Read more: Is ‘Uptober’ for Bitcoin Prices Back in Full Swing After an Early ‘Rektober’?

“I say that with extreme confidence, almost none of [the claims buyers] will redeploy into crypto,” Kyle said. “Many of them will not be allowed to, even if they wanted to. Several of the claim buyers are funds that have limited partner arrangements that are not crypto investors.”

Braziel helped broker many claims deals and also bought a small fraction of claims for clients through his investment firm. In those cases, distributions are going back to the clients and they will decide how to invest the money, Braziel said. 

“Most of those guys are big crypto folks and they already have a lot of crypto. They’re not redeploying back into crypto,” Braziel said.

John, the FTX creditor and small claims buyer, works in crypto but said it’s “a long shot” that all the money from his distributions will be deployed into crypto. “Everything feels a little bit overpriced,” he noted. 

Not everyone is staying away, though; crypto investing firm Sol Strategies told The Block it intends to buy more Solana tokens with capital recovered from FTX. And some members of the entitlement class in the case are institutional crypto firms who traded on FTX, Braziel said.

Being mostly made up of retail investors, the convenience class figures to be the most likely to reinvest proceeds into crypto, but Kyle said he was skeptical that that would happen.  

“It’ll be some number less than $1 billion coming into the market in December/January, and that’s the real figure,” Kyle said. “Anyone who’s trading on that being a big liquidity event is going to be sorely mistaken.”

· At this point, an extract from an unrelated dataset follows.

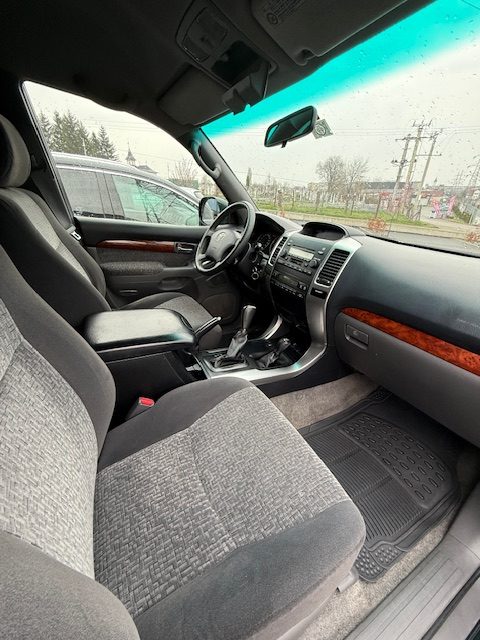 Toyota Land Cruiser J12 3.0 D-4D 2006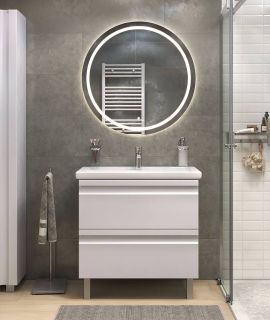 Зеркало с подсветкой Vigo Holly z.HOL.70.Classic 70 см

One other consideration in all this is that many of the main crypto bankruptcy estates, such as those of Celsius and Voyager, have been selling the crypto assets recovered in the bankruptcy proceedings as a way to pay back creditors, which had been putting some selling pressure on the crypto market.

“I actually think the most bullish thing for the crypto markets is the fact that all these estates are basically done,” Braziel said. “There’s a few things on the margin, but for the most part, they’ve sold a lot of their—in crypto parlance—bags.”